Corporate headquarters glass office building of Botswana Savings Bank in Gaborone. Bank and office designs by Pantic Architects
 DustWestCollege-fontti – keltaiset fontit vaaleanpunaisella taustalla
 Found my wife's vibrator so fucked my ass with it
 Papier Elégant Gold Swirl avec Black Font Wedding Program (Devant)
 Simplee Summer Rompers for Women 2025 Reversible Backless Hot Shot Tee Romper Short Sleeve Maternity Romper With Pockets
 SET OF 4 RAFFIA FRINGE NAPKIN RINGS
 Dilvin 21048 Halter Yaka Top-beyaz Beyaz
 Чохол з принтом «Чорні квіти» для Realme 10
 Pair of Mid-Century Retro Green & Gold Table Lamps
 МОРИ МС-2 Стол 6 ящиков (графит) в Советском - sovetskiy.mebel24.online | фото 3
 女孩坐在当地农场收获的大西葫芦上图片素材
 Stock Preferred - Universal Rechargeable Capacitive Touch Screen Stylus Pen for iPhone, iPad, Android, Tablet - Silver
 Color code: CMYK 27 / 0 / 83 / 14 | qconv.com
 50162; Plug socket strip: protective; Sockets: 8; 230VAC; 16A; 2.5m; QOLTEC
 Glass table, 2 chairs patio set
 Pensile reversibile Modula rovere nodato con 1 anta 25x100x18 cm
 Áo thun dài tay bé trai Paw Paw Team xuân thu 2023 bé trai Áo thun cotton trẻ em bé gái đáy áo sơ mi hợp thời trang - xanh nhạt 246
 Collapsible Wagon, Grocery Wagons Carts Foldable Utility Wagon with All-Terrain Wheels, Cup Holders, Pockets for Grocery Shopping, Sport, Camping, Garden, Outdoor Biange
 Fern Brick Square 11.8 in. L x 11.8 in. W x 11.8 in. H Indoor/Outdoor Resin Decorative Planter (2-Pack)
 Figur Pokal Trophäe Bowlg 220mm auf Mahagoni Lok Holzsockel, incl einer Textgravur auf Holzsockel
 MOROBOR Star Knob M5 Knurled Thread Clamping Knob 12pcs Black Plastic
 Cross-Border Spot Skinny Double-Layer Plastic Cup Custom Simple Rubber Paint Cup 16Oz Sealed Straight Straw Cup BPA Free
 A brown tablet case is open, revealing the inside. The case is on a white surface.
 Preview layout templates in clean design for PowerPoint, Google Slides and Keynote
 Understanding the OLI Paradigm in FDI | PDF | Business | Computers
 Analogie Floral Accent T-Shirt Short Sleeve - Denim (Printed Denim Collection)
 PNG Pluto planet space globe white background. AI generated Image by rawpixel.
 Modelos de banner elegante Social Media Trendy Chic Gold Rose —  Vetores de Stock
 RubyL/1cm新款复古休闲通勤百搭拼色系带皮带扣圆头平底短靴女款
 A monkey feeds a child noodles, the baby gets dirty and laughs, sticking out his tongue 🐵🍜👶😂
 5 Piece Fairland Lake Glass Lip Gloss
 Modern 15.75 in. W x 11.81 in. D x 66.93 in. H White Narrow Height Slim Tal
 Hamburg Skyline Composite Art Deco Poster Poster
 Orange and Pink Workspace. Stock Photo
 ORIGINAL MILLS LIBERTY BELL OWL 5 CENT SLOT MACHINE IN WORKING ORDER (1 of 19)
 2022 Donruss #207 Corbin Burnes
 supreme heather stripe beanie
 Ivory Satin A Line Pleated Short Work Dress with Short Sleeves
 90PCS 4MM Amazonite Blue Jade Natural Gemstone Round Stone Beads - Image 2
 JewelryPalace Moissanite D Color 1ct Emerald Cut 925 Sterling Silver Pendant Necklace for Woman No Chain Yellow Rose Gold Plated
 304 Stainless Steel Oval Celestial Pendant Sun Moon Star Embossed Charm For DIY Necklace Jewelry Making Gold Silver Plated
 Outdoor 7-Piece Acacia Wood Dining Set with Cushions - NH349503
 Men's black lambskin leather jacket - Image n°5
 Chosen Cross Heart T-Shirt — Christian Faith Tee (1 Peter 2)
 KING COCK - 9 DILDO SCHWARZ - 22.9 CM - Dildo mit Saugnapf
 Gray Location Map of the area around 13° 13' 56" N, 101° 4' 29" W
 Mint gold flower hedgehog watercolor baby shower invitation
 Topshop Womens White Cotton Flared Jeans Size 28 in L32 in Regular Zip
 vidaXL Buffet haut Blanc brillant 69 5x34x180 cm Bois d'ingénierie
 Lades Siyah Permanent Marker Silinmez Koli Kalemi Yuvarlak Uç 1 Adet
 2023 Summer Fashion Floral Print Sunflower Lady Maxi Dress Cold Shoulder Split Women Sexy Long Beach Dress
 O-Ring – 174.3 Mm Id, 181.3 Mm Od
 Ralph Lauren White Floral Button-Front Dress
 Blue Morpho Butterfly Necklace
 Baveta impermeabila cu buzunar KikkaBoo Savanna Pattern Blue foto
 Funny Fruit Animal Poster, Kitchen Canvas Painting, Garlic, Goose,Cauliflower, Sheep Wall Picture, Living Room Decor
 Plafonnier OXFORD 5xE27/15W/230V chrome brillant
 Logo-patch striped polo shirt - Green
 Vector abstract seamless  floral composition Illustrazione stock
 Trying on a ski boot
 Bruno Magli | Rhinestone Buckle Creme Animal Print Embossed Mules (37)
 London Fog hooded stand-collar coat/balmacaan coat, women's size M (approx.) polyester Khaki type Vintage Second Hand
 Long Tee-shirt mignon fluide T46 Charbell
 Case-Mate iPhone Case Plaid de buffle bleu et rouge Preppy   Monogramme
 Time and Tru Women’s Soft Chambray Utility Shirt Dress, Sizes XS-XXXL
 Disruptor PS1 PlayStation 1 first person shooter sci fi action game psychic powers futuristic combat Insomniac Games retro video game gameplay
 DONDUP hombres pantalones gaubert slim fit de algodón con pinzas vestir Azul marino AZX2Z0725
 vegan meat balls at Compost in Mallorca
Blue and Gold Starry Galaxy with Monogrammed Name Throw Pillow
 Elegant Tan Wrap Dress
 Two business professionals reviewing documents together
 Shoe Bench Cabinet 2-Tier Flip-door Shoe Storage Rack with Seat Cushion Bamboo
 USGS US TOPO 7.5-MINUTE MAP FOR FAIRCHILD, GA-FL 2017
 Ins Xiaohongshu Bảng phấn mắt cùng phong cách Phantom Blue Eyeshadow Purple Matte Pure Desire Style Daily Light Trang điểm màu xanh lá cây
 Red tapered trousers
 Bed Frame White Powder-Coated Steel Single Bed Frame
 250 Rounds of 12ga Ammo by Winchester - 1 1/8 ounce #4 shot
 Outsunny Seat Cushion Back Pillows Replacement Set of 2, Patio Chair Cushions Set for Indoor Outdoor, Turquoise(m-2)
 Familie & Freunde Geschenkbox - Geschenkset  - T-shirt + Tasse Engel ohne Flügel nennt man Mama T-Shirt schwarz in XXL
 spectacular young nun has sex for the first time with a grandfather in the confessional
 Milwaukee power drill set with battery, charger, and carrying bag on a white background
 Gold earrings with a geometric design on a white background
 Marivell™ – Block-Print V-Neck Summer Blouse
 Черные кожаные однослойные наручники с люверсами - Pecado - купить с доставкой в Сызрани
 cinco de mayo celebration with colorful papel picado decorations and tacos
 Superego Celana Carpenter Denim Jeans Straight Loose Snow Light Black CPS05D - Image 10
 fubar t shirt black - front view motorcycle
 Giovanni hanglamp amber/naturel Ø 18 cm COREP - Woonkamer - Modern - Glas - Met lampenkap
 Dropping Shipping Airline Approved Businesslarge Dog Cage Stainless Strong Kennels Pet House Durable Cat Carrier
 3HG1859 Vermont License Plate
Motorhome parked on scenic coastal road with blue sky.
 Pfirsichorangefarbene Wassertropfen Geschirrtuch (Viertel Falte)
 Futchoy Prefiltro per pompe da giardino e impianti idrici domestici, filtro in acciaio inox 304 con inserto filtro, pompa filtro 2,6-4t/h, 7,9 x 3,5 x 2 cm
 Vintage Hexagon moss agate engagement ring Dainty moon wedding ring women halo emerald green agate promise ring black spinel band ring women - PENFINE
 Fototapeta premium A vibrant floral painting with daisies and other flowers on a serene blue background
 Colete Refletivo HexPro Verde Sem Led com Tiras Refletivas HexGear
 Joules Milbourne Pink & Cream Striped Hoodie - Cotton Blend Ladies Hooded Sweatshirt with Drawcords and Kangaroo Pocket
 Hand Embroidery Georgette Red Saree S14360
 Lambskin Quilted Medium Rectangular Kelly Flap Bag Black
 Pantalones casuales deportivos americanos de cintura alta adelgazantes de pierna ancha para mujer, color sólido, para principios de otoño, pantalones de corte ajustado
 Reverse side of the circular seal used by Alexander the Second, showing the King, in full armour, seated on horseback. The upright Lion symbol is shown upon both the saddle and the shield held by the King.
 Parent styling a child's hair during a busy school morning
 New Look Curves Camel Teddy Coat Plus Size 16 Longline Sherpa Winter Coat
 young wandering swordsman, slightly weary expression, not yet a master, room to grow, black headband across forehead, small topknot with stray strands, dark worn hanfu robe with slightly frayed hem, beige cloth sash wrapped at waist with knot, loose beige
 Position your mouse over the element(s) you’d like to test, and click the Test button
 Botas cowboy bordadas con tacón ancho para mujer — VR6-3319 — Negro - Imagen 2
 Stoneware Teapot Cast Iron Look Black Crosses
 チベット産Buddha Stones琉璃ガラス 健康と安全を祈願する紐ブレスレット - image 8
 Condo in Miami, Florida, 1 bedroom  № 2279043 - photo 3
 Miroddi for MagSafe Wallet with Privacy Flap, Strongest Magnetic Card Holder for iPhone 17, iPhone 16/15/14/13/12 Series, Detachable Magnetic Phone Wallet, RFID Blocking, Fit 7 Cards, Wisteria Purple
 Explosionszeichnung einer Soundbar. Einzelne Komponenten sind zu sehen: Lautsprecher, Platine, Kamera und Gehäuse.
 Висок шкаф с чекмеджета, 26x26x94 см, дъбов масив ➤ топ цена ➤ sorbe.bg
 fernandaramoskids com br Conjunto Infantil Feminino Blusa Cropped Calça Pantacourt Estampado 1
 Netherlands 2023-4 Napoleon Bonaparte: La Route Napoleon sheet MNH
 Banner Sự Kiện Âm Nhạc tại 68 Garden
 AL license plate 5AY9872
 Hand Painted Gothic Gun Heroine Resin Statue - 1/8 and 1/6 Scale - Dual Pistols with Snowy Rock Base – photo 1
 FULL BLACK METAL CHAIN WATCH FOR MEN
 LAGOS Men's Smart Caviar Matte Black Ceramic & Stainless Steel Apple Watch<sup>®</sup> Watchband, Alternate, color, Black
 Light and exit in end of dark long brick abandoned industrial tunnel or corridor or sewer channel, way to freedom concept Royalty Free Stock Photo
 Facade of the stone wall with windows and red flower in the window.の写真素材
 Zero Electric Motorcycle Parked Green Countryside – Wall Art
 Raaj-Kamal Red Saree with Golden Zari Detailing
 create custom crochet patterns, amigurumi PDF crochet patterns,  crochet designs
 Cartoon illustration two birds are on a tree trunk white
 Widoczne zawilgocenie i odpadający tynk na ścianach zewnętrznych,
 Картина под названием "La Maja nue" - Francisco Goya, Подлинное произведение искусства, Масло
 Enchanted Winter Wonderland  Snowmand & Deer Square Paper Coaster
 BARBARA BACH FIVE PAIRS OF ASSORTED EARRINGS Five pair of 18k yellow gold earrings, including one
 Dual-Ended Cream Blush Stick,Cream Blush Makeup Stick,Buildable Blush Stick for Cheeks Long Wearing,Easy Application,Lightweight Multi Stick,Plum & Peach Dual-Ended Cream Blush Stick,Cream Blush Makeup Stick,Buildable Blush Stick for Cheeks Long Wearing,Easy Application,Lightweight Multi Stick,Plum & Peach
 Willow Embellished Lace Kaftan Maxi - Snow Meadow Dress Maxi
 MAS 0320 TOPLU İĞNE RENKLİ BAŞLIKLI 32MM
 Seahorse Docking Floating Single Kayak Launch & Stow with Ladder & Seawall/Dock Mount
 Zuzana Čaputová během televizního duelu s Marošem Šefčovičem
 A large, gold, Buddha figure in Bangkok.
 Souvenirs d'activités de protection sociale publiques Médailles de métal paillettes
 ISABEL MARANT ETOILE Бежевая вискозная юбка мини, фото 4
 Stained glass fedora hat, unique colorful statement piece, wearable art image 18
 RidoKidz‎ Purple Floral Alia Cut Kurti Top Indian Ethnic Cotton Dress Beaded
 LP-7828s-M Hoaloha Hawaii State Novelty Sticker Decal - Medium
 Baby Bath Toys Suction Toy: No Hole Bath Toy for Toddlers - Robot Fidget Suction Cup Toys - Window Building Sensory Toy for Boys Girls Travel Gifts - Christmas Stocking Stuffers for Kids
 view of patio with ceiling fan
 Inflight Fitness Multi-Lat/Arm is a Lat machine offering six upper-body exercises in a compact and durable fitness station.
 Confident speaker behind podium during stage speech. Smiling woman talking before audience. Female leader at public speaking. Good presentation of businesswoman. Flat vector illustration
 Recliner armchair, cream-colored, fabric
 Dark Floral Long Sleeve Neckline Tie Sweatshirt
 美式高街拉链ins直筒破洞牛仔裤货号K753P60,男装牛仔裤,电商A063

The task: The answer is the line with "view of patio with ceiling fan" plus every line after it to the last line of the entries above, copied exactly and with no other lines.

Answer space:
 view of patio with ceiling fan
 Inflight Fitness Multi-Lat/Arm is a Lat machine offering six upper-body exercises in a compact and durable fitness station.
 Confident speaker behind podium during stage speech. Smiling woman talking before audience. Female leader at public speaking. Good presentation of businesswoman. Flat vector illustration
 Recliner armchair, cream-colored, fabric
 Dark Floral Long Sleeve Neckline Tie Sweatshirt
 美式高街拉链ins直筒破洞牛仔裤货号K753P60,男装牛仔裤,电商A063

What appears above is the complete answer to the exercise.